JABAR EKSPRES – Badan Pengawas Pemilihan Umum (Bawaslu Kota Cimahi) menggelar program Ngabuburit Pengawasan selama bulan Ramadan 1447 Hijriah atau 2026. Program tahunan ini diarahkan sebagai ruang edukasi publik untuk menjaga denyut kesadaran demokrasi di luar tahapan pemilu.

Koordinator Divisi Pencegahan, Partisipasi Masyarakat, dan Hubungan Masyarakat Bawaslu Kota Cimahi, Akhmad Yasin Nugraha, mengatakan kegiatan tersebut dirancang sebagai sarana pembelajaran demokrasi yang ringan namun substansial, terutama menjelang waktu berbuka puasa.

“Ngabuburit Pengawasan ini kami hadirkan sebagai sarana edukasi demokrasi yang positif, informatif, dan mudah diakses oleh masyarakat. Momentum Ramadan menjadi waktu yang tepat untuk memperkuat kesadaran kolektif tentang pentingnya pengawasan pemilu yang partisipatif,” ujar Akhmad Yasin, Senin (2/3/26).

Baca Juga:Unik dan Sarat Makna, Masjid Al-Baakhirah Jadi Magnet Wisata Religi di CimahiTHR ASN Cimahi 2026 Belum Cair, Pemkot Tunggu Regulasi Pusat

Menurut dia, program ini tidak berhenti pada forum diskusi semata. Ngabuburit Pengawasan juga menjadi medium penyebaran informasi kepemiluan, penguatan literasi demokrasi, serta pembentukan kesadaran publik mengenai pentingnya integritas pemilu.

Akhmad Yasin menilai, penguatan kelembagaan pengawas pemilu di masa non-tahapan merupakan prasyarat penting untuk memastikan kesiapan menghadapi agenda pemilu berikutnya.

“Bawaslu perlu terus beradaptasi dengan dinamika sosial, perkembangan teknologi informasi, serta tantangan disinformasi yang semakin kompleks,” imbuhnya.

Ia menegaskan, penguatan pengawasan pemilu harus dilakukan secara berkelanjutan, baik melalui peningkatan kapasitas sumber daya manusia, penguatan sistem pengawasan, maupun perluasan kolaborasi dengan masyarakat.
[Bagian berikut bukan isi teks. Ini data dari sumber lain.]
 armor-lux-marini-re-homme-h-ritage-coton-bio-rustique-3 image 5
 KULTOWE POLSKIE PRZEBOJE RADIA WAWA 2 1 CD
“Pengawasan partisipatif menjadi kunci dalam menjaga kualitas demokrasi, karena keterlibatan publik akan memperluas jangkauan pengawasan,” tambahnya.

Program Ngabuburit Pengawasan sendiri merupakan bagian dari agenda nasional yang diinisiasi oleh (Bawaslu RI) dan resmi diluncurkan pada 23 Februari 2026. Melalui skema ini, Bawaslu daerah didorong menghadirkan ruang dialog yang inklusif sekaligus memperkuat nilai demokrasi yang transparan dan berintegritas.

Untuk menjangkau audiens yang lebih luas, Ngabuburit Pengawasan Bawaslu Kota Cimahi disiarkan secara langsung melalui kanal YouTube dan Instagram Live resmi lembaga tersebut.

Baca Juga:Distribusi MBG Dihentikan Usai Keracunan Massal, KBM di SMPN 6 Cimahi Tetap BerjalanDiskominfo Cimahi Perkuat Kemitraan KIM 2026, Fokus Lawan Hoaks dan Perluas Informasi Publik 

“Dengan pendekatan digital ini, diharapkan partisipasi masyarakat semakin meningkat dan kesadaran akan pentingnya pengawasan pemilu terus tumbuh di berbagai lapisan masyarakat,” kata Akhmad Yasin.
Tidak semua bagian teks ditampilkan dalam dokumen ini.